Na ja, ich bin ja angekommen und es war wirklich eine schöne, abwechslungsreiche Tagesetappe in allen Aspekten. Ich habe den Versuchungen widerstanden mich auf Toledo und Aranjuez einzulassen.
Dabei bleibt es ein irgenwie beschämemdes Gefühl, um die Kultur- und Geschichtsträchtigkeit zu wissen, den Appell ganz intensiv zu verspüren: komm, halt an, sieh Dir Toledo an, den Alcazar, die historischen Stadtmauern, die Schmieden der berühmten Sarazener Klingen, konfrontiere Dich mit dem historischen Verständnis und der Bedeutung der Stadt aus der Lage, die Carlos V. damals und in den 30er Jahren des vergangenen Jahrhunderst die Bedeutung im Bürgerkrieg gegen Franco bestimmt hat usw..... Oder Aranjuez: Schiller, Don Carlos, Die schönen Tage von Aranjuez sind nun vorüber.... und Du fährst am Palacio Real vorbei, den Jardines und km-lang an den königlichen Parks und hältst nicht an.
Es ist zu viel, es ist nicht Zweck der Reise und es kann nur ein oberflächliches Alibi sein, abzusteigen und interessierten Gesichts mit den ganzen Touristen, die aus ihren Bussen gequollen sind, umher zu gehen und so zu tun als ob.
Abhaken, Michael, hab' kein schlechtes Gewissen, sagte ich mir.
Immerhin habe ich damals, als ich in Spanien lebte und mehrfach bei Reisen in den 70er Jahren Toledo besucht, habe in einer Kneipe bei Tapas und Vino tinto an der Bar lehnend zusammen mit Aficionados die historische Benefiz-Corrida mit Paco Camino (6 Miura-Stiere!!) im TV gesehen, habe mit Ulrike in Arajnuez dicke rote Erdbeeren mit Sahne am Straßenrand gegessen, bevor wir durch die Gärten des Königspalastes gebummelt sind, damals.
Ich habe Cordoba besucht, bin durch die Gassen gestreift, habe mir die Mezquita angesehen und mich über die Hybris geärgert, mit der die Reyes Catolicos mit dem Bau der gotischen Kirche mitten in die herrliche, maurische Architektur die Überlegenheit des Christentums demonstrieren wollten und doch nur Barbarei hinterließen.

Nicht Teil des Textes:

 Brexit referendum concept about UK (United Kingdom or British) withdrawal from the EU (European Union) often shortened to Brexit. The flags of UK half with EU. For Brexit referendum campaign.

In Granada habe ich versucht, mich in den Gärten des Generaflife in einen Mauren zurück zu versetzen, der die Treppen herabschritt und in der Hitze seine Hangelenke im fließenden Schmelzwasser aus der Sierra Nevada zu kühlen, das unverändert in den Hohlkerben der steinernen Treppengeländer plätscherte; ich hab auf der Alhambra im Wasser des Löwenbrunnens - in absoluter Stille und ungestört von lärmenden Besuchern - die feinen Gravouren der sich spiegelnden Fassaden betrachtet und nicht die Abbilder fotografierender Touristen, die heute mit Vorbuchung im Internet busladungsweise durch die Gelassenheit und Muße heischenden Höfe und Gärten trampeln.
Chinchón (daher stammen alle diese Bilder) ist auch sehenswert, kaum touristisiertund bietet aparte Einblicke.
Heute erwartete mich noch ein genüssliches Abendessen. Nachdem ich es eben genossen habe - 23:00 Uhr nach spanischem Brauch - kann ich es hier noch nachzelebrieren, beginnend mit dem Speiseraum:
Morgen die letzte rein spanische Etappe: Nach Olite, südlich Pamplona - das werden auch so 450 km werden, östlich um Madrid herum.